Computes \(P(K_J = k \mid a, b)\) for \(k = 0, 1, \ldots, J\) when \(\alpha \sim \mathrm{Gamma}(a, b)\) (shape-rate parameterization).
Arguments
- J
Integer; sample size (positive integer >= 1).
- a
Numeric; shape parameter of Gamma prior (> 0).
- b
Numeric; rate parameter of Gamma prior (> 0).
- logS
Matrix; pre-computed log-Stirling matrix from
compute_log_stirling.- M
Integer; number of quadrature nodes (default: 80).
Value
Numeric vector of length \(J+1\) containing
\(P(K_J = k \mid a, b)\) for \(k = 0, 1, \ldots, J\).
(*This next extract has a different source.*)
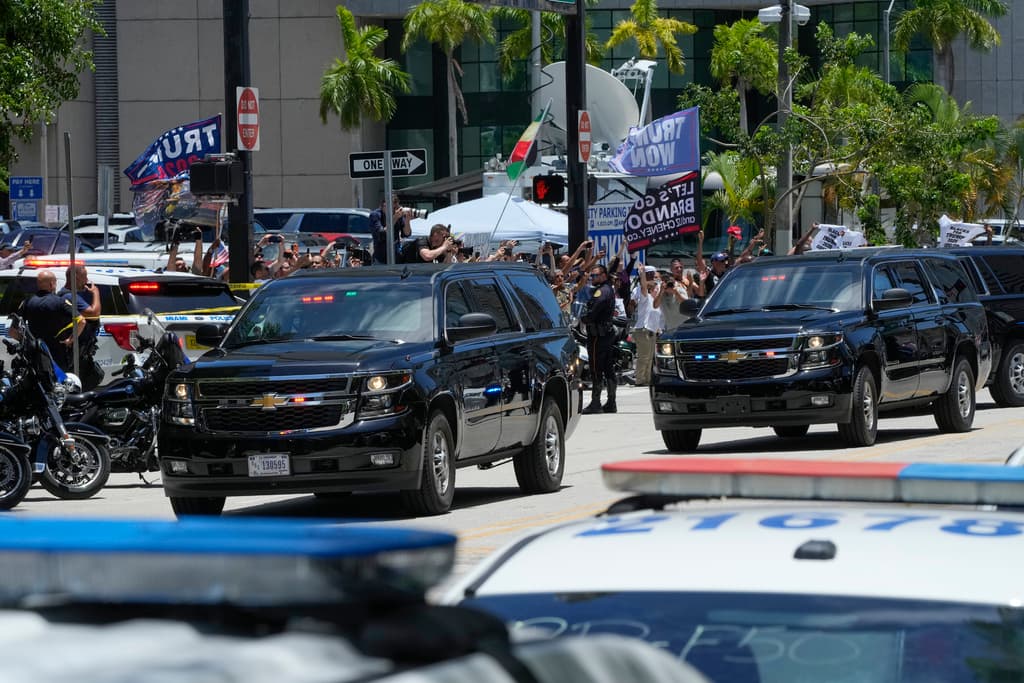 La caravana con Trump llega a la corte federal de Miami.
Entry [1] corresponds to \(k=0\) and always equals 0.
The vector sums to 1.
Details
Uses Gauss-Laguerre quadrature to numerically evaluate: $$P(K_J = k \mid a, b) = \int_0^\infty P(K_J = k \mid \alpha) \cdot g_{a,b}(\alpha) d\alpha$$ $$\approx \sum_{m=1}^M \tilde{w}_m \cdot P(K_J = k \mid \alpha_m)$$
where \(P(K_J = k \mid \alpha)\) is the Antoniak distribution from Module 04 and \((\alpha_m, \tilde{w}_m)\) are the transformed quadrature nodes and normalized weights from Module 02.
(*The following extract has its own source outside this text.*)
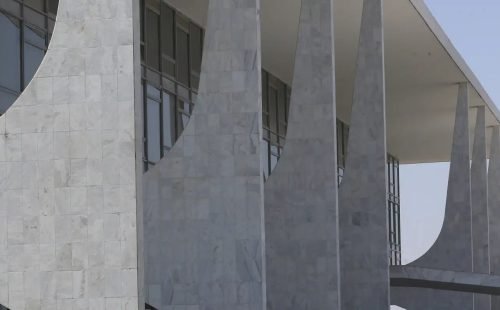 fachada_do_palacio_do_planalto_antcrz_abr_2709221137.jpg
Implementation: All mixing is performed in log-space for numerical stability. This is critical for large J or extreme parameter values.
Key properties:
\(P(K_J = 0) = 0\) always (at least one cluster exists)
The PMF sums to 1
Moments from the PMF match
exact_K_moments()within numerical toleranceMode is typically near \(E[K_J]\) but may differ
References
Antoniak, C. E. (1974). Mixtures of Dirichlet Processes with Applications to Bayesian Nonparametric Problems. The Annals of Statistics, 2(6), 1152-1174.
See also
log_pmf_K_marginal for log-scale computation,
pmf_K_given_alpha for conditional PMF,
exact_K_moments for marginal moments,
cdf_K_marginal, quantile_K_marginal,
mode_K_marginal, summary_K_marginal
Examples
# Pre-compute Stirling numbers
logS <- compute_log_stirling(50)
# Compute marginal PMF for J=50, Gamma(1.5, 0.5) prior
pmf <- pmf_K_marginal(50, 1.5, 0.5, logS)
# Verify normalization
sum(pmf)
#> [1] 1
# Most likely number of clusters
which.max(pmf) - 1
#> [1] 6
# Compare mean with exact_K_moments
k_vals <- 0:50
mean_pmf <- sum(k_vals * pmf)
exact <- exact_K_moments(50, 1.5, 0.5)
abs(mean_pmf - exact$mean)
#> [1] 7.105427e-15